BRIEF DESCRIPTION OF THE DRAWINGS

Further objects and advantages of the present invention will be apparent from the following description, reference being had to the accompanying drawings wherein a preferred embodiment of the present invention is clearly shown.

In the drawings:

FIG. 1 is a block diagram showing an electric constitution of an embodiment of the present invention;

FIG. 2 shows an example of divisions of tempo speed;

FIG. 3 shows a constitution of chord information;

FIG. 4 is a drawing showing contents stored in a pattern memory shown in FIG. 1;

FIGS. 5A to 5C show scores representative of an example of accompaniment pattern; and

FIGS. 6A to 6D are flowcharts showing operations of an embodiment of the present invention.

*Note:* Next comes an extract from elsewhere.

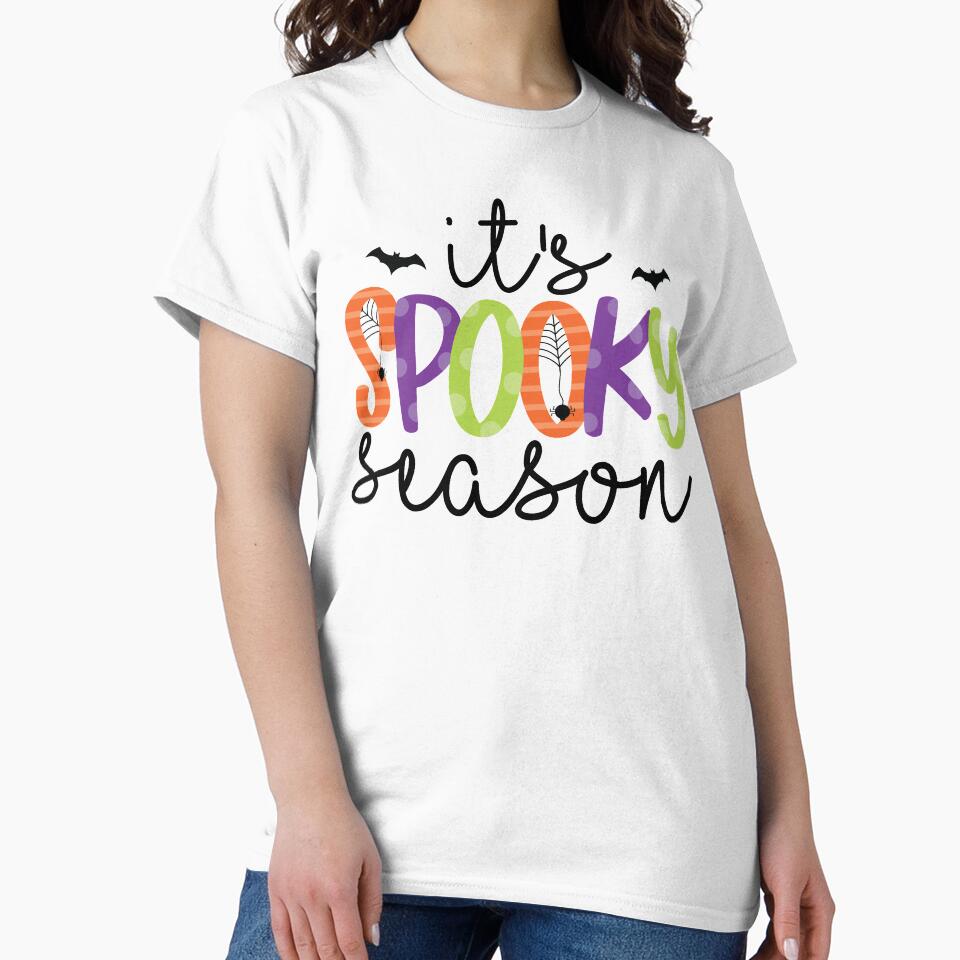 It's spooky season by binly123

DESCRIPTION OF PREFERRED EMBODIMENT [A] CONSTITUTION OF EMBODIMENT

Referring now to the drawings, wherein FIG. 1 is a block diagram showing an electric constitution of an embodiment of the present invention. In FIG. 1, 1 designates a central processing unit (CPU) for controlling several portions of the present embodiment, and 2 designates a program memory for storing programs used by the CPU 1. 3 designates a tempo clock generator for generating a tempo clock TCL having a cycle corresponding to a tempo of tune, and this tempo clock TCL is supplied to the CPU 1 as an interrupt signal. 4 designates a keyboard including key switches each corresponding to each of a plurality of keys, and a key-on/key-off signal of each key switch is supplied to the CPU 1. 5 designates registers including several registers which are used in processes of the CPU 1. Next, description will be given with respect to each of the registers.

(1) Register TEMPO: a register written by tempo speed data TD determining the cycle of tempo clock TCL, and this tempo speed data TD are supplied to the tempo clock generator 3 via the CPU 1 so that the tempo of tune will be set.

Table 1 shows relations among the tempo speed data TD, the tempo of tune and the tempo clock TCL.

              TABLE 1______________________________________TEMPO   SECTION/MINUTE INTERRUPT/MINUTE______________________________________0       32             2561       36             2882       40             320.       .              ..       .              ..       .              .62      272            217663      280            2240______________________________________ *The word "section" is defined as a quarter period of one bar of 4/4 time or one third period of one bar of 3/4 time, for example.

As shown in Table 1, the value of tempo speed data TD stored in the register TEMPO varies between "0" to "63", and each value thereof corresponds to each of tempos of "32" to "280" sections per one minute. In addition, one section corresponds to eight cycles of tempo clock TCL. As a result, interrupt processes can be executed against the CPU 1 by eight times within one section.

(2) Register SEL: a register stored with rhythm select data for selecting a rhythm kind, and this register can store numerical data representative of numbers "0" to "15". In short, sixteen kinds of rhythms can be selected in the present embodiment.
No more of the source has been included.